A recent US study has investigated CPE contamination of sinks, drains, and wastewater. Carbapenemase-producing bacteria were identified throughout the drainage and water system, from drains in patient rooms, right through to wastewater sampled through manholes adjacent to the hospital. My main question in all of this is whether this huge reservoir of carbapenemases in hospital wastewater is a risk for patients. The lack of genetic similarity between isolates in hospital wastewater and isolates from patients suggest not, but I suspect there’s an indirect link and these carbapenemases find their way into isolates affecting humans, which is supported by genetic links between the plasmids carrying the carbapenemases.

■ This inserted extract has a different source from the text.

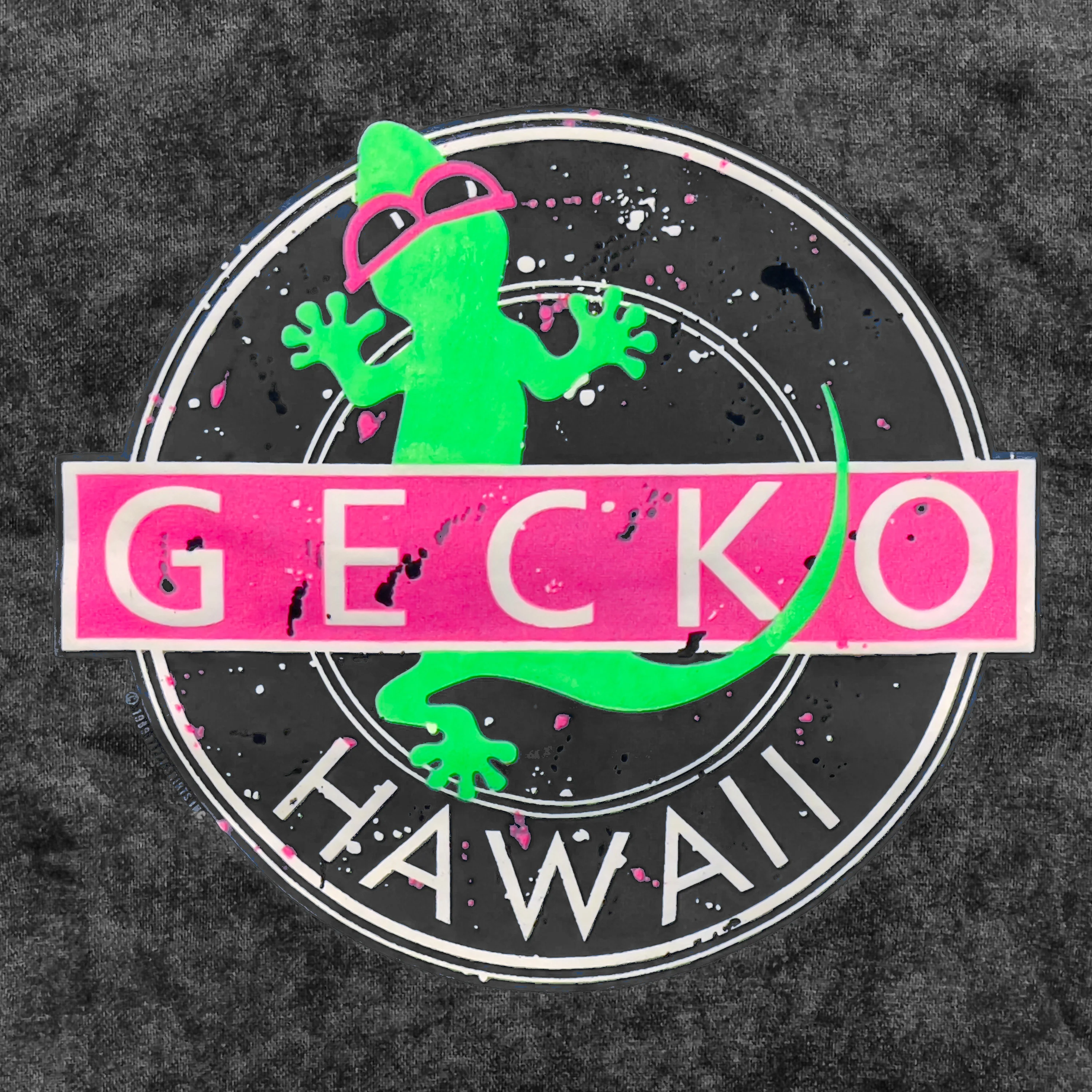 Vinyl Gecko - Stone Acid Wash Premium Hoodie - Image 3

There is emerging evidence that the wet and dry contaminated environment can be a risk for CPE transmission. Sinks are often contaminated (although cause and effect is difficult to establish). And beyond sinks, hospital sewage and wastewater are known reservoirs of carbapenemase-producing organisms.

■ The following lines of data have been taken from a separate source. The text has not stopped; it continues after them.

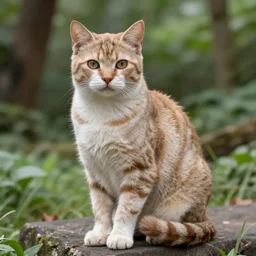 A pretty human male with cat features (also known as a catboy), in his natural habitat. Pictured are his cute ears and long tail. 4K National Geographic photograph
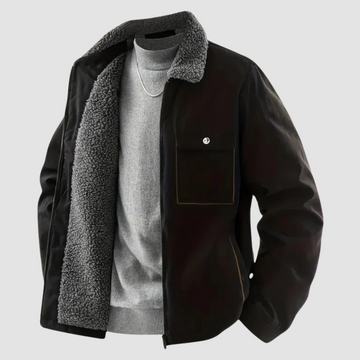 Suede Cargo Jas voor mannen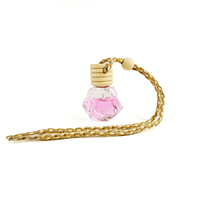 Petit diffuseur d'huiles essentielles portable pour voiture, mini flacon en verre avec couvercle en bois et bouchon à vis, 10 ml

In this context, the National Institutes of Health Clinical Centre (a unique research hospital in the US) report the findings of an extensive environmental screening programme, covering high-touch surfaces in the clinical environment, sinks and drains in the hospital, and wastewater coming out of it. A real surprise was the massive rate of contamination of hospital waste water with carbapenemase-producing organisms – 80% of samples (Figure 1). All seven wastewater samples collected from the intensive care unit (ICU) water pipe system contained at least one carbapenemase-producing organisms, whereas wastewater samples from other wards contained no carbapenemase-producing organisms. This suggests an unexpected and huge reservoir in the pipework in the hospital water supply and beyond. In contrast, the rate of contamination on high-touch surfaces in the hospital itself was low – just 1% of 217 surfaces.
Figure 1: Rate of contamination of environmental samples with carbapenemase-producing organisms.

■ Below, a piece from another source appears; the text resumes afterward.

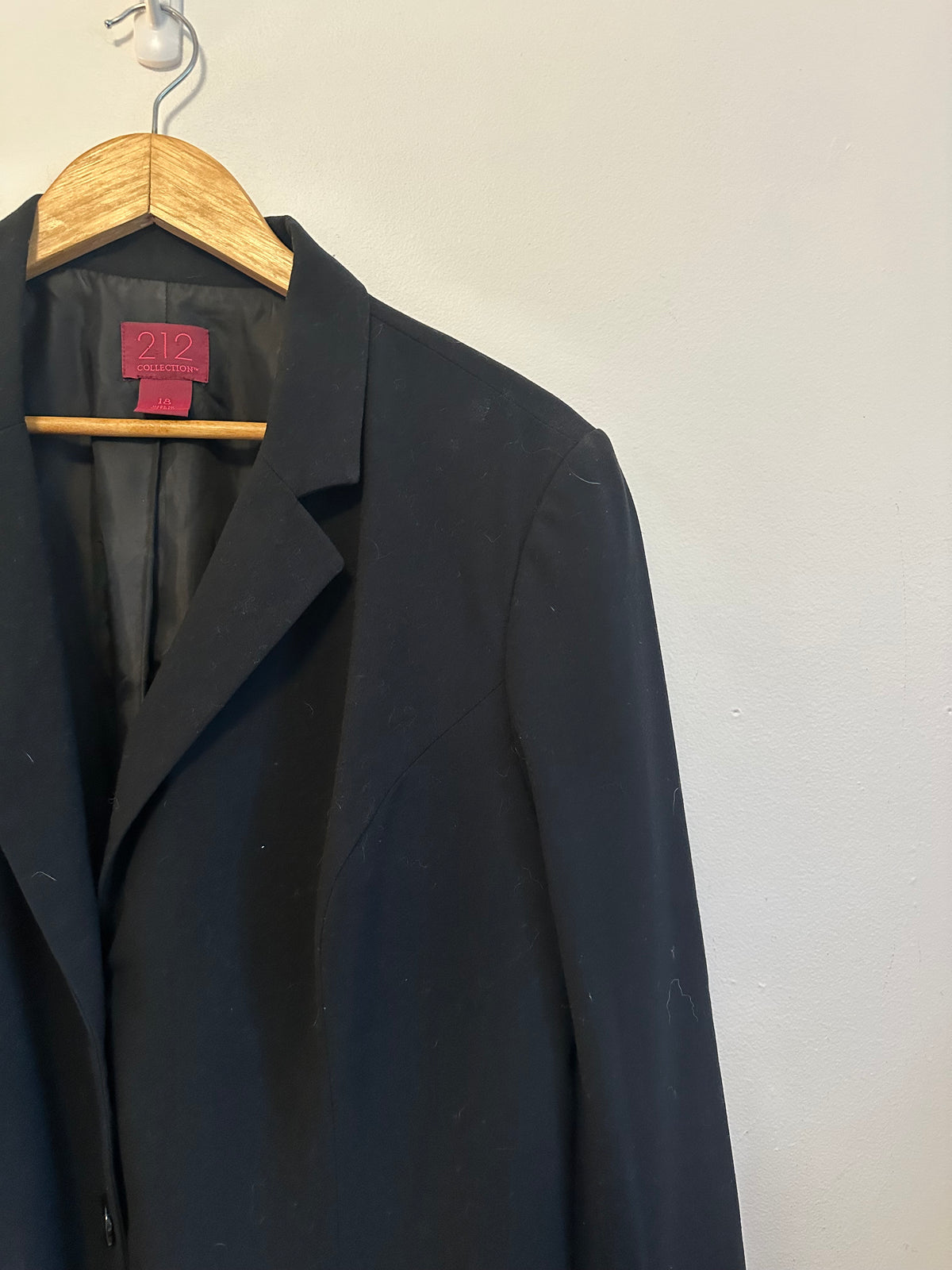 212 Collection Black Two Button Professional Blazer Jacket | Size 18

The study used WGS to link patient and environmental isolates. 8 of 36 carbapenemase-producing organisms from patients were linked to environmental isolates – but all of these were from samples taken in the hospital either from high-touch surfaces, or sinks and drains in clinical or cleaning areas. None of the patient isolates were linked to wastewater samples. Related to this, the rate of AMR was higher in the patient isolates then in the environmental isolates. So, it seems that the huge resevoir of carbapenemases in wastewater were not directly related to carbapenemases in patients, but it seems likley that carbapenemase-encoded plasmids in hospital wastewater do find their way into patient populations due to genetic similarity in the plasmids themselves. We know that wastewater treatment does not get rid of carbapenemases, so humans outside of hospitals come into contact with carbapenemase-encoded plasmids with their origin in waste water, which find their way into bacteria adapted for human colonisation / infection, and humans outside of hospitals find their way into hospitals (as patients, visitors…and staff). So, there’s a very plasuible (if rather circuitous) route for carbapenemases in wastewater to end up in clinical isolates.
This comprehensive study certainly moves the discussion on the role of inanimate reservoir for carbapenemase-producing organisms forwards, suggesting that hospital wastewater could be a major and under-discussed risk.